# Kids Jack and Sally Costumes



## BooBaby30 (Sep 20, 2014)

My son is 18 months old and had to be a baby jack after my daughter, 8 years old, requested to be Sally from The Nightmare Before Christmas. Both costumes are handmade.


----------



## The Real Joker (Sep 8, 2008)

Very cute. Nicely done. I also saw and commented on your haunt video


----------



## dee14399 (Aug 24, 2010)

Super cute, Great job on the costumes!


----------



## ichasiris (Aug 8, 2014)

Yaaaaaaay! I'm going as Lock tonight. Unfortunately I have yet to find anyone who wants to be my Shock and Barrel so I just said screw it. I've wanted to be Lock for like three years, so I'm just gonna go for it.

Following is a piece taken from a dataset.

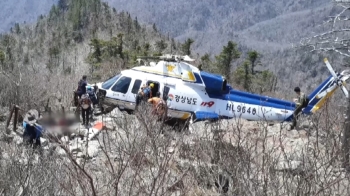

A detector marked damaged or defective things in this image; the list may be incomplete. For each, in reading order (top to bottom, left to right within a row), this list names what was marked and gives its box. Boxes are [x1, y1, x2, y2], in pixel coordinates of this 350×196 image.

crashed helicopter [93, 54, 350, 129] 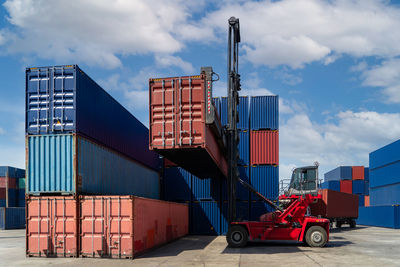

Made my mask in about 5 minutes so it's not the best. It isn't functional, just a prop.


----------



## Zombie Machairodont (Feb 2, 2009)

Oops - double post.


----------



## Zombie Machairodont (Feb 2, 2009)

Yep, I just died from the cute overload. The kiddos look fantastic!

And Ichasiris, I'd love to see how Lock turned out!


----------



## luizacarmo (Nov 22, 2014)

They are sooooo cute ! In love <3


----------